Ban for police station representative who illicitly contacted jailed client


Mobile phone: Prisoner should not have had access

An experienced police station representative who communicated with a jailed client via a mobile phone he should not have had has been banned from the profession.

Suzanne Hughes pleaded guilty last year to intentionally encouraging or assisting a prisoner communicating using an unauthorised mobile phone.

She received a six-month prison sentence, suspended for 12 months, and was ordered to carry out 150 hours of community service.

She had worked at Harringtons Legal in Birmingham from 2006 to November 2019, when she was dismissed after being arrested.

In a notice published yesterday by the Solicitors Regulation Authority (SRA), the subsequent police investigation established that her client had been arrested on 13 June 2019 and requested Harringtons Legal represent him at the police station. Ms Hughes attended his interview.

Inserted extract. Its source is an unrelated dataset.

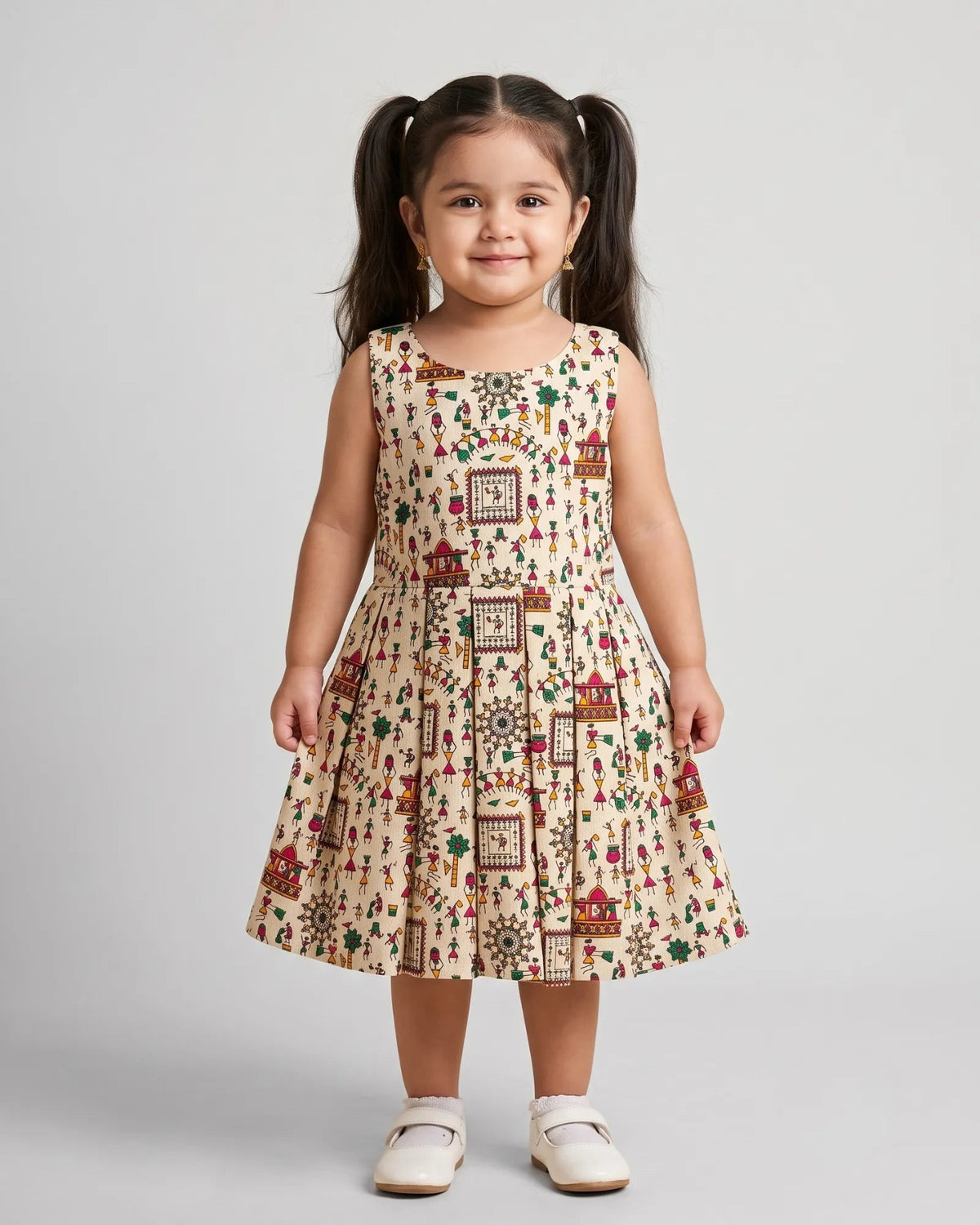 A young girl with dark hair in pigtails stands against a light gray studio background wearing a sleeveless cream-colored dress with a colorful folk-art print and white shoes.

The client was remanded in prison and between 19 June and 22 October 2019, Ms Hughes sent two text messages to the client’s mobile phone and received and answered 18 calls made from his phone.

Ms Hughes accepted that her conviction meant it was “undesirable” for her to be involved in a legal practice, as she had “encouraged and assisted her client committing further offences, contrary to that client’s best interests”.

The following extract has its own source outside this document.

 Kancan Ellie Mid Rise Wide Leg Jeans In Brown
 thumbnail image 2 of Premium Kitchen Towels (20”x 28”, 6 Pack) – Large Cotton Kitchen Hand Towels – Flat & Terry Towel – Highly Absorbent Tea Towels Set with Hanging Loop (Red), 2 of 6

“As a police station accredited representative, she ought to have known that for her to do either of these things was against the law. Her behaviour questions the high standards of professional judgment which someone delivering legal services should demonstrate.

“It is also undesirable for her to be involved in a legal practice because the repeated and serious nature of her conduct, resulting in a conviction, lacked integrity and undermined public trust and confidence in the safe delivery of legal services.

“There is a risk that she would repeat this behaviour if she works in the delivery of legal services uncontrolled.”

In mitigation, the SRA acknowledged that Ms Hughes made “a full and frank admission of wrongdoing in her letter to the judge and apologised for her conduct”.

The order under section 43 of the Solicitors Act 1974 means no law firm can employ her without the SRA’s permission. She also agreed to pay costs of £300.